Çok tehlikeli, çok. On yıl yetmez, hiç çıkarmamalı böylelerini. Bizim memleket
savaşa girmez, savaşmaz; gelgelelim camlarımıza kara perdeler geçirilir,
ekmeğimiz karneye bağlanır, düşman keşif uçakları göklerimizi yırtarken,
canavar düdükleri inletir gecelerimizi. Öyle ya, her yan savaştadır, uyanık
olmak, akıllı davranmak zorundadır başımızdakiler. Her şey, her zamanki gibi
sürmelidir gene: Baştakilere güvenmeli vatandaş, gıkını çıkarmamalı, eyvallah
etmeli, aklından kötücül geçerse anında nedamet getirmeli. Ama Şair Hikmet, tam
tersini yapalım istemez mi? Pes doğrusu, hapiste bile uslanmamış! Mehmetçikler
en kötüsünü yemeli yemeğin, en pisine yatmalı yatağın, on kişilik trene
yüzlerce binmeli, ses etmemeli; ama sınırlardan kuş uçurtmamalı. Yaranmacılar
sahip bellediklerine yaranmaları, dalkavuklar dalkavukça davranmalı,
yaltakçılar yaltaklanmalarının en iyilerini kotarmalı. Şair Hikmet’in inadına
böyle davranmalı ve sürdürmeli bu minvalde. Kimse alışılagelenin dışında bir
şey üretmemeli. Üretmek ne demek, ürememeli bile. Boş gözlerle seyretmeli herkes
gökyüzünü, Şair Hikmet’in inadına uçan kuşu, sudaki balığı, topraktaki
karıncayı uzun uzadıya görmemeli mesela. Şair Hikmet gibileri alışılagelenin
dışında işler üretirse kesinkes engellemeli, hatta işi abartmalı, punduna
getirip başını ezmeli bunların, kolunu bacağını kırmalı. Örselemeli bir güzel.

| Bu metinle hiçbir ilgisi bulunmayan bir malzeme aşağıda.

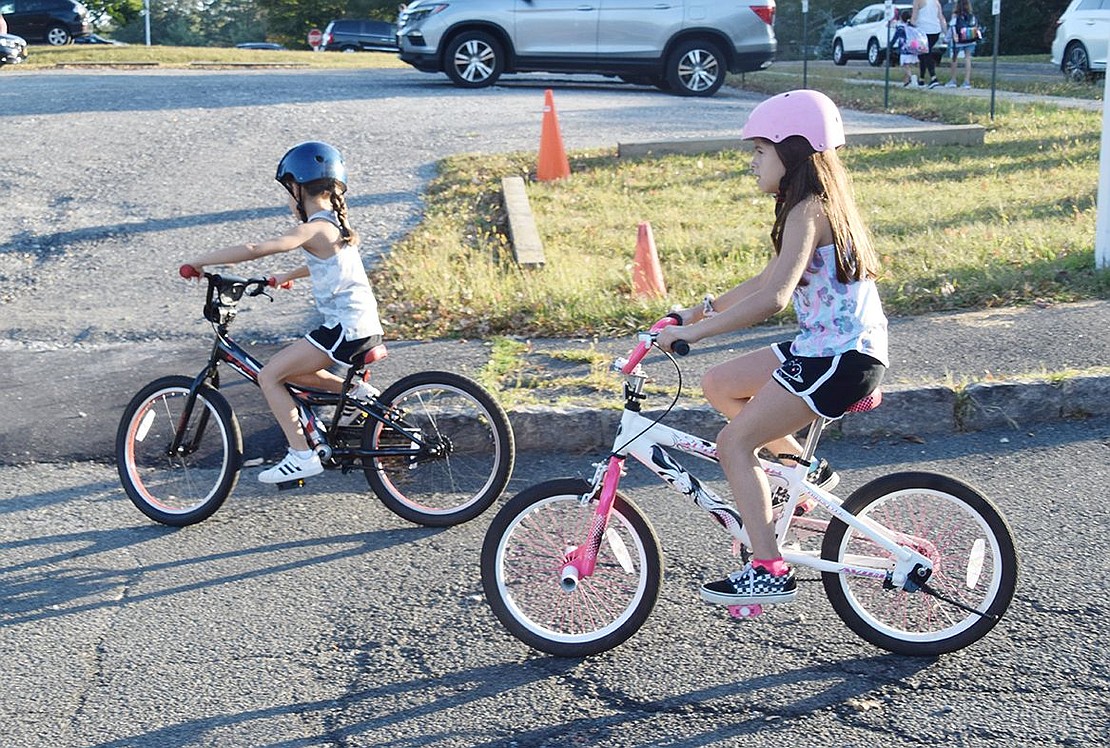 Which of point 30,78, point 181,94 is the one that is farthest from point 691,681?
point 30,78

Beter etmeli, doğduğuna lanet ettirmeli, elbette hepsinden önce pes ettirmeli.
Varsın söylensin dursun, işitmemeli şeytanca
sözlerini. Diyecekleri bellidir. “Birlik olalım, iş üretelim, gelişelim,
geliştirelim kendimizi, kentimizi, kâh ağaç gibi olalım kâh orman gibi olalım…”

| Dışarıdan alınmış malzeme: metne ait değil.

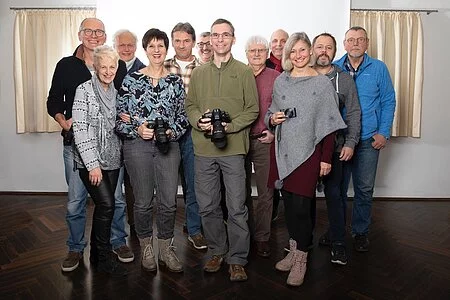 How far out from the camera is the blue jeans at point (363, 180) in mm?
3229

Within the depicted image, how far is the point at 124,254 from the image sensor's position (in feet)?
10.0

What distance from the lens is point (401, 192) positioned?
4.97 metres

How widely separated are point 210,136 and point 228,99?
0.27 metres

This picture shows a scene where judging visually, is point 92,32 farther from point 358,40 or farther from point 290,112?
point 358,40

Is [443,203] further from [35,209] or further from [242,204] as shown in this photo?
[35,209]

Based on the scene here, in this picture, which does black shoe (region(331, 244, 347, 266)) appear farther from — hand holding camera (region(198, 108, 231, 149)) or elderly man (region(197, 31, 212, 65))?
elderly man (region(197, 31, 212, 65))

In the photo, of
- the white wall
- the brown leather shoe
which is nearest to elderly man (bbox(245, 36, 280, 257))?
the brown leather shoe

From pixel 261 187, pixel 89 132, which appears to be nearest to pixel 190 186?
pixel 261 187

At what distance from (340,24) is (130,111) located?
9.72 feet

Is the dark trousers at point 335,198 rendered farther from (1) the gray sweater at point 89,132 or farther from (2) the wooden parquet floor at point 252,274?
(1) the gray sweater at point 89,132

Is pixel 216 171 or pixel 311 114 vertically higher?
pixel 311 114

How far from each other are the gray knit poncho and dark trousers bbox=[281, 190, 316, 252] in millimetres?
180

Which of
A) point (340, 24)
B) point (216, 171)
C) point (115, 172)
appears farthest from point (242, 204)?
point (340, 24)

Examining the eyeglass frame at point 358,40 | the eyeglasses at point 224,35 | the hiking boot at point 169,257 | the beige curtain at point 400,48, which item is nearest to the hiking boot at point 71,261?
the hiking boot at point 169,257
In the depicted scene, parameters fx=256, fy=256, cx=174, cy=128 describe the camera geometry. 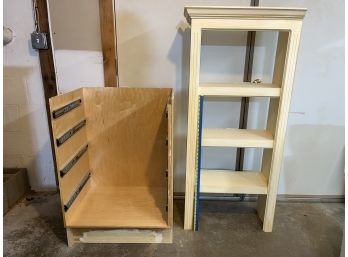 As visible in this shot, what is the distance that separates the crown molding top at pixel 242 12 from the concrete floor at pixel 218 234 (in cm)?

Kim bilir daha neler neler.
Şair Hikmet’i de bunlardan dolayı koyvermediler
zaten. Birlik olmakmış, ileri gitmekmiş, eşitlikmiş… Tümü şeytan ayeti. Katil
Osmanları çift çift salıvermeli, başımızdakilere biat etmeli, Mehmetçikleri
süründürmeli, yaranmacılara yaranmalı, dalkavukları alkışlamalı, yaltakçılara
iyi yaltaklanmaları için zemin hazırlamalı; sözün kısası her şey aynı olmalı,
nasıl gelmişse öyle gitmeli; uzun sap hep uzamalı, kısa sap hep
kısalmalı. Yanlış hesap yapmamalı. Başka türlüsü aklından bile geçmemeli
kimsenin. Düşünce özgürlüğü filan dememeli kimse, adamı hasta ettirmemeli.
Yarın, bugünün kopyasından başka bir şey olmamalı. Başka türlüsünü umanlardan,
isteyenlerden uzak durmalı. Sadece “âmin” demeli.

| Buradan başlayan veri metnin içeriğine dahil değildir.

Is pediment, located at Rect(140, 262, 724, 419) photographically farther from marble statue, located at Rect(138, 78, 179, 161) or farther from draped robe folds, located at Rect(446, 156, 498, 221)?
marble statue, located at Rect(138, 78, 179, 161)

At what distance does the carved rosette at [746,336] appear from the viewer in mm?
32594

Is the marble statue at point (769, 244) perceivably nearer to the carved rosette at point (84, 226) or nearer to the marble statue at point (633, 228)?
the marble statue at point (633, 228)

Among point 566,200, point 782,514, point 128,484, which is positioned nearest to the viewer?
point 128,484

Biliyorum, bunca uğraşıp da yazı yazmak da
gereksiz. Geçen zamana, bunca harfe, kelimeye, cümleye yazık. Boşu boşuna
harcandılar. Ne yazık ki artık çok geç! Zaten yazının uzunluğunu görür görmez
korkmuştur insan kardeşim! Zaten senden beklenen de buydu. Sakın ha, okuma,
onlar okuduğunu sansın yine, sen sen ol, okuma! Okur gibi yap, örneğin beğen;
fakat sakın ha, okuma.
Bir de dinleme tabii. Hele de adını andığım Ben
İçeri Düştüğümden Beri şiirini ve bu şiirin şairi Nâzım Hikmet’i, hele
de Genco Erkal’ın insanın
içine kuşkular düşüren, “acaba aldattılar mı bizi bunca yıldır” dedirten
sesinden… Üstelik Fazıl Say da
piyano denen şeytan icadı şeyi çalarken... Nâzım Hikmet, Genco Erkal, Fazıl Say... Sakın ha!